The conception and design of the reactor must be considerably reviewed and complicated since the core equipments of the reactor must be arranged for guiding the water displacer spectrum variation rods above the core and for moving them. That approach therefore requires a large number of additional guide tubes in a zone of the internal equipments through which hot water flows with a detrimental increase of the head loss in the reactor: it is therefore necessary to redesign the coolant flow paths in the reactor vessel. Moreover, linear actuation of the rod clusters requires a large number of control mechanism carried by the cover of the vessel, in addition to the existing mechanisms for actuating the clusters of control rods for fine control of the reactor. For the same thermal power, there is an increase in the size of the reactor vessel as compared to a conventional reactor.
French patent 2 535 509 describes a method of operating a nuclear reactor moderated and cooled by light water including a core formed by fuel assemblies immersed in light water which are at least partially replaced at time intervals (corresponding to operating cycles of the reactor). Bars of a material absorbing low energy neutrons are introduced in the core for varying the energy spectrum of the neutrons during a first phase of the cycle for reducing the ratio between the moderator volume and the fissile material volume in the core and for shifting the neutron energy spectrum towards higher energies. The spectral shift bars are removed during a second phase of the cycle.
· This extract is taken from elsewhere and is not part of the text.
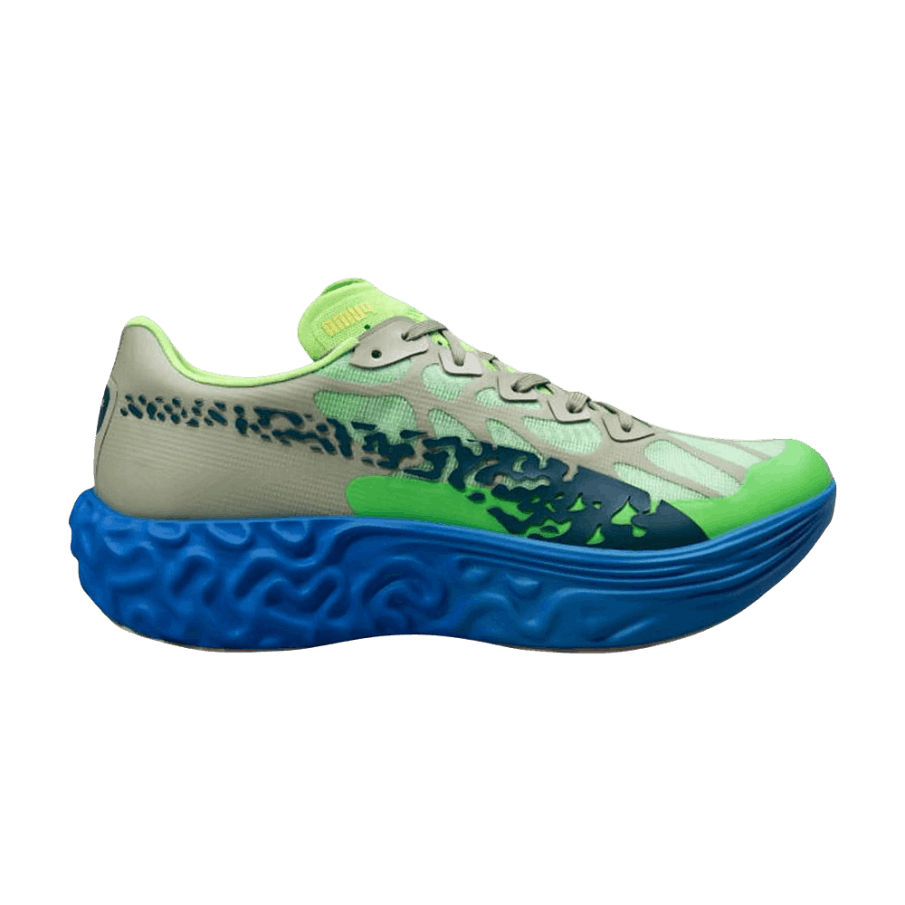 Фото № 1 с приближением к товару «‎Salehe Bembury x Puma Velum Nitro Mahana (313652-02)»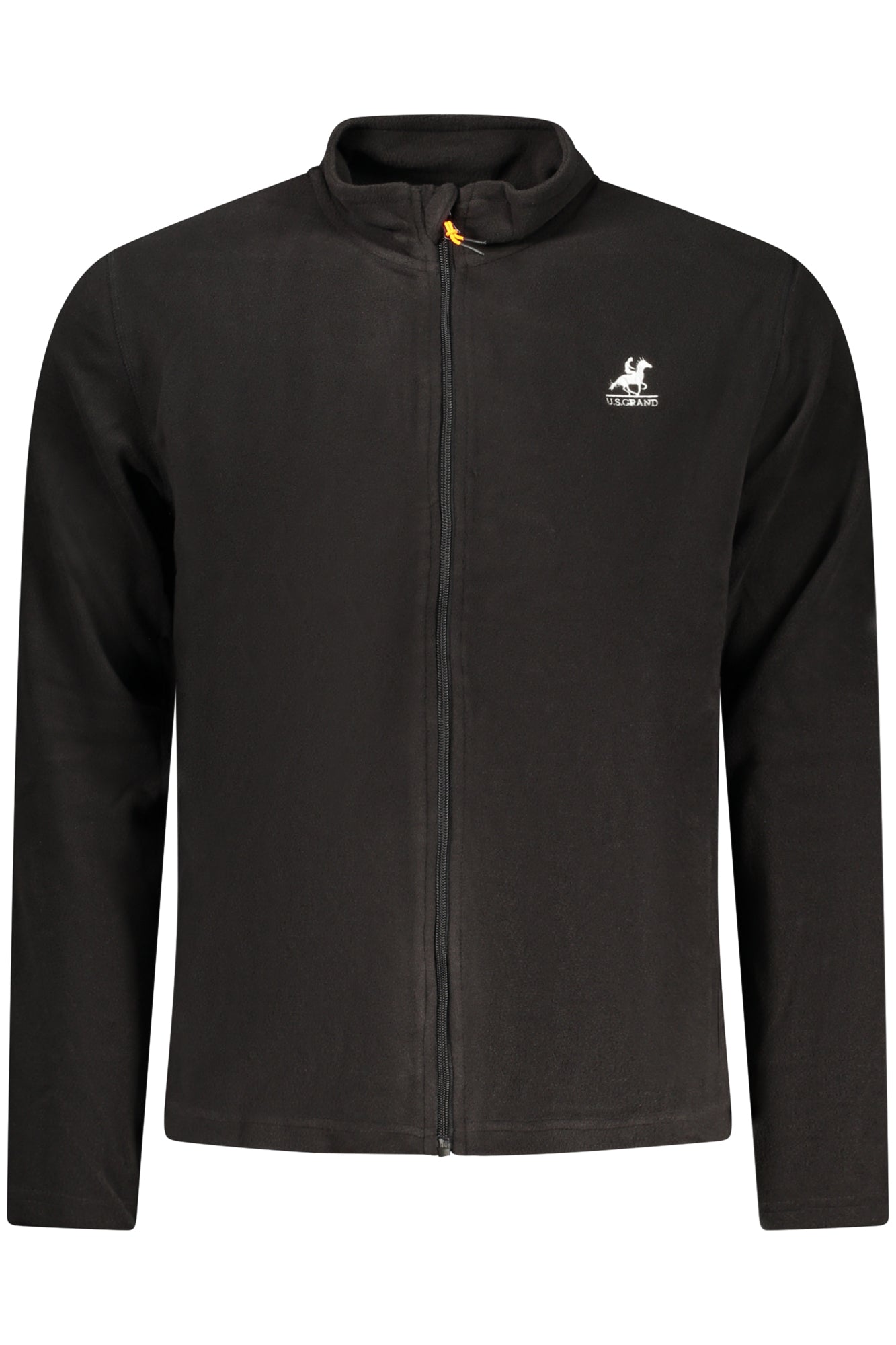 U.S. GRAND Herren Sweatshirt – mit Reißverschluss kaufen Schwarz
The material of the spectrum variation bars contains fertile nuclei which can be transformed into fissile nuclei under the effect of neutrons, that material may be U-235 depleted uranium oxide.
Capture of the neutrons by the fertile uranium 238 nuclei gives rise to plutonium which may be extracted by reprocessing the spectral shift bars. Since the bars only stay in the core of the reactor during the first phase of the cycle and are then removed into the upper internals of the reactor, their average irradiation at the time of unloading, following an operating cycle, is much smaller than that of the fuel assemblies. Consequently, the plutonium contained in the bars is of much better quality than that obtained from the fuel. This is represented by a higher amount of Pu 239 and a lower amount of isotopes called "chain end isotopes", i.e. Pu 241 and Pu 242. The operating method disclosed in French patent 2 535 509 may consequently cause proliferation, since the construction of a chemical extraction plant raises much less technical and economic problems than that of an isotopic separation plant.
The use of thorium as fertile material, instead of depleted uranium, raises substantially the same problems since, upon neutron absorption, thorium 232 produces uranium 233 which is also fissile and may be separated from the thorium by chemical extraction.